15.07.2016 tarihinde yaşanan darbe kalkışması sonrası bana iftira atan Ali Yazıcı ve Ercan Eser ve şikayet dilekçesi yazan şefi Muharrem Küçükşahin hakkında açılan savcılık soruşturması bu güne kadar sonuçlanmadığı ve sümenaltı edildiği, Diyanet’te bu görevliler hakkında inceleme ve soruşturma izni vermediği açık olduğundan, ülkemizde Adil yargılama olmadığını Diyanet görevlileri de çok iyi bildiğinden ve Fetö Diyanette çıkıp büyüdüğünden onun has adamlarının açıkça korunması da bundan olduğundan sizin kararınız ne olursa olsun ayrıca bu görevliler hakkında Cumhurbaşkanlığına da dava açılacaktır. Fakat yine de dava açılması için sizin kararınız beklenecektir. 2016 yılından beri savcılık soruşturmasının sonuçlanmaması veya sümenaltı edilmesi, 16 yıldır oğlumun kaza davasının sonuçlanmaması açıkça bu ülkede yargının bağımsız ve tarafsız olmadığının delilleridir.
            2577 sayılı kanunun 54. maddesi: “d) Hükmün esasını etkileyen belgelerde hile ve sahtekarlığın ortaya çıkmış olması,” karar düzeltme nedenidir.
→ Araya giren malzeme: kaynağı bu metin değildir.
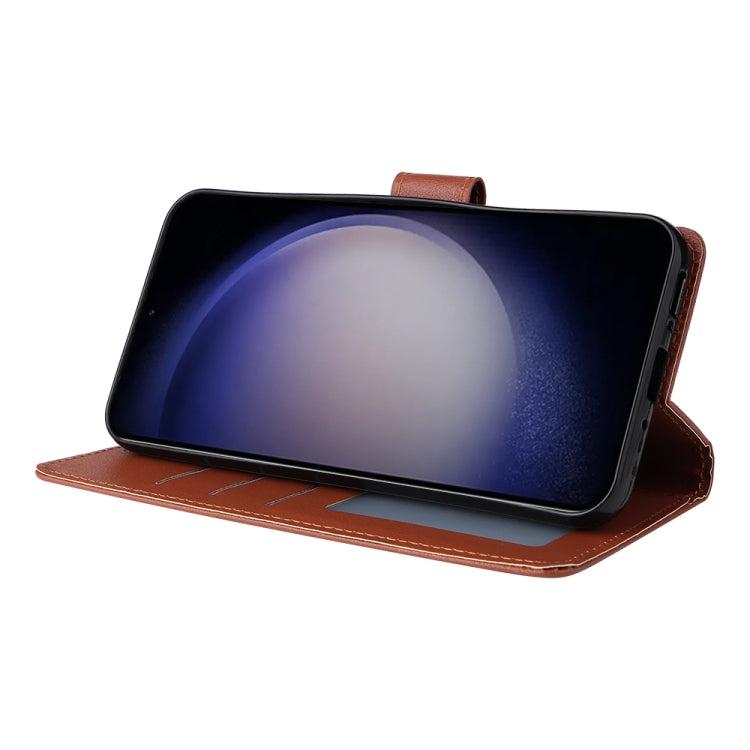 For Samsung Galaxy S25 5G 3-Card Slots Multifunctional Leather Phone Case(Brown)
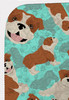 Red and White English Bulldog Artwork Pattern Quilted Throw Blanket 50" x 60" product image at NuMercy 5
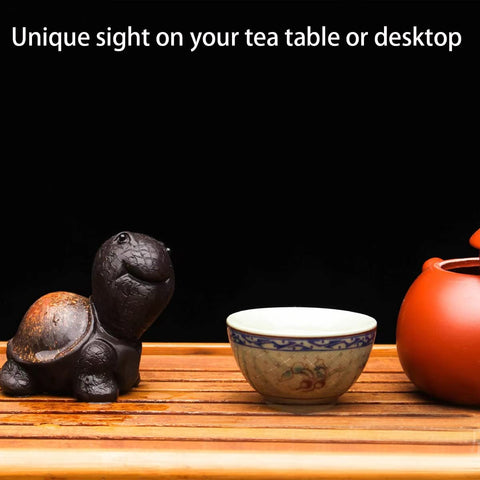 EAEDMY tortuga morada de arcilla, símbolo de longevidad para la mesa de té.
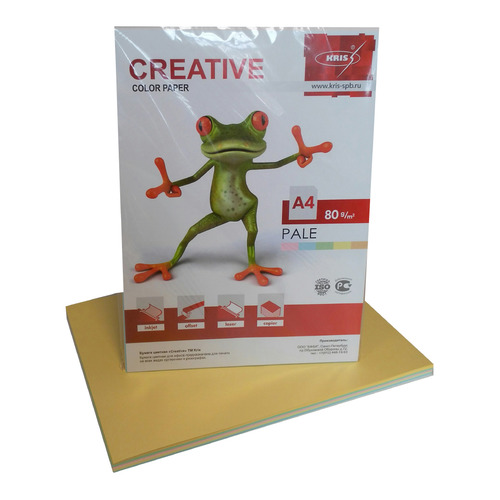 Бумага Creative БПPR-100R A4/80г/м2/100л./радуга пастель (5цветов) универсальная 25 шт./кор. бумага ballet brilliant a4 80г м2 500 листов 168cie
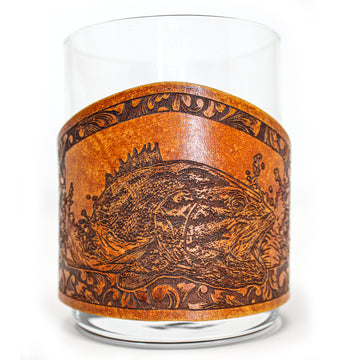 Envoltura de cuero para vaso de whisky - Jumping Lab Bird Dog Engraver glass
Açıkça belirtildiği gibi Ali yazıcı’nın düzenlediği maaşı zimmtime geçirdiğimin belgeleri de, Ercan Eser’in torpilli şefine yazdırıp kapı koşmuşu personel daire başkanına sicilime koydurduğu belge de hileli sahtekarlık örneğidir.
Bu nedenlerle; bu delillerle bu kararın bozulması ve bizim mağduriyetimizin bir an önce giderilmesi gerekmektedir.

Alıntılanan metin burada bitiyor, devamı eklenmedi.